Cuando se paraba Fray Miguel en esta impía imaginación, solía caer en el más hondo abatimiento, y tal vez exclamaba:
—Sin duda no me ha faltado ni la intención, ni el propósito, ni el valor de darme al diablo; pero el diablo no me quiere y me desdeña. Yo no consigo lo que consigue cualquiera vieja ignorante y estúpida. Las puertas que defienden la mansión del milagro, ya celestial, ya infernal, están cerradas para mí. Llamo a ellas y nadie me responde.
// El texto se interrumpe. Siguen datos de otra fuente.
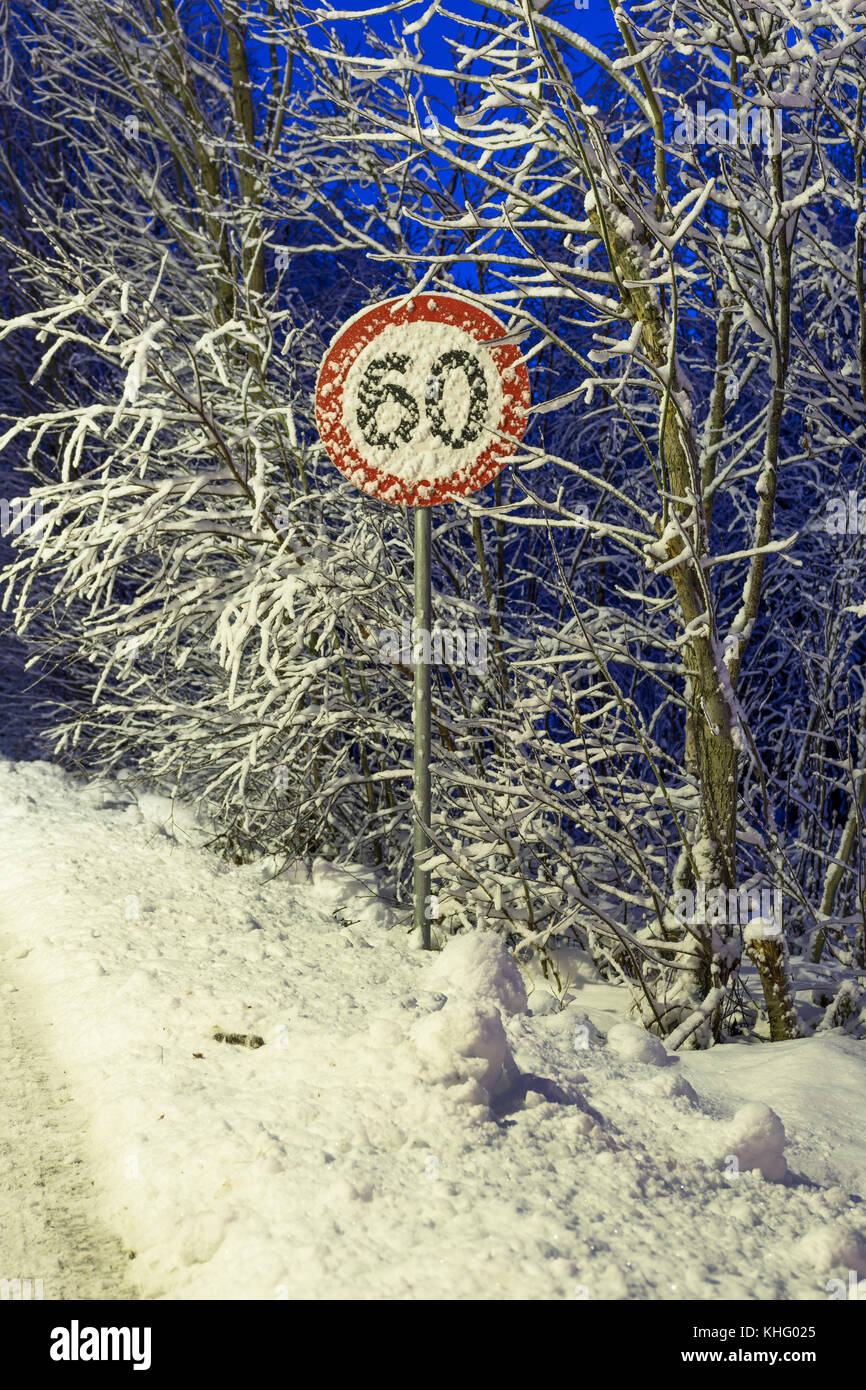 Early winter evening with snow, 60 km/t road sign covered in snow Stock Photo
La reacción del orgullo venía luego a levantar su espíritu y a elevarle al extremo contrario: al mayor grado de soberbia:
—Ningún demonio viene y me ayuda —decía— porque son inferiores a mí, porque no pueden darme lo que me falta, porque yo valgo más que ellos. En balde me humillo pidiéndoles que me socorran. Lo que me conviene es buscar el camino del lugar hasta donde mi aptitud y mi predestinación pueden conducirme, y, desde allí, llamarlos y sujetarlos a mi mandado, no tomándolos como protectores sino como siervos sumisos.
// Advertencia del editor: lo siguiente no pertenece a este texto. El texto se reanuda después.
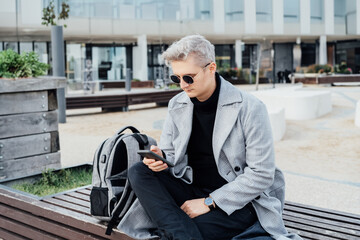 Young Handsome stylish man in elegant trendy coat and sunglasses checking message on mobile phone...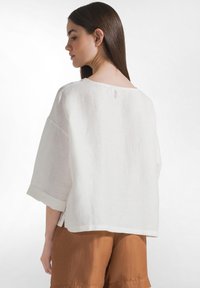 Kvinde med langt, mørkt hår iført løs, hvid bluse med opkrullede ærmer og brune shorts, vist bagfra mod en ensfarvet baggrund.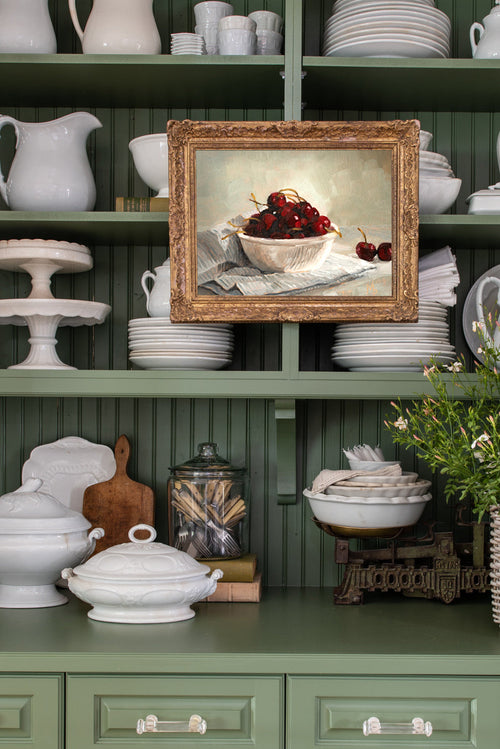 Green kitchen shelf with white ceramic items and a framed painting of cherries.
En estas y en otras cavilaciones, que entonces se presentaban juntas en la mente de Fray Miguel, habían pasado muchos años de su vida claustral. Su orgullo no había consentido que fuese un santo, pero también su orgullo se había opuesto a que ningún poder infernal viniese a dominar su alma, ocupada y dominada toda por su orgullo mismo.
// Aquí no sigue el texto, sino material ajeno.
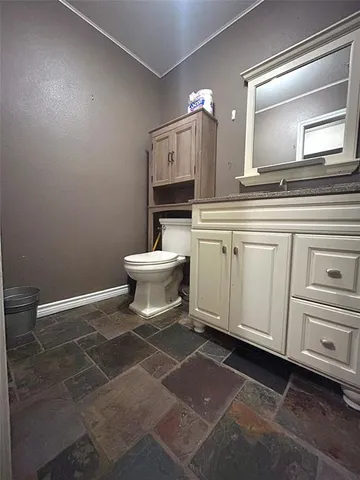 a view of a road with a house in background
En el espíritu de Fray Miguel había además poco briosas facultades que le habilitasen para conquistar y dominar nada por medio del pensamiento, Era distraído, poco insistente, ambicioso de ciencia como de todo, pero sin la paciente perseverancia que se requiere para adquirirla. Fray Miguel, si era algo, si algo valía, era como hombre de acción, aunque su poca fortuna o su mucha torpeza le habían extraviado en el camino, encontrando sólo, cuando se cansó y se hartó de andar por él, el desengaño más negro. Aborrecía la vida, pero tenía miedo de la muerte. Así por la época de fe en que vivía como por la natural condición de su espíritu, en la cabeza de Fray Miguel no cabía imaginar que fuera la muerte la aniquilación del individuo, la desaparición de la persona, el olvido de todo. Él veía en el término de su vida mortal, no sueño eterno, sino tránsito a vida nueva. Y no le asustaba tanto el temor de ser condenado y no salvado, cuanto el humillante recelo de ser tan insignificante en la vida futura como en la vida presente, y de que así en el cielo, como en el infierno, se le hiciese poquísimo caso: se le tratase con el mismo desdén con que en este mundo sublunar sus semejantes le habían tratado.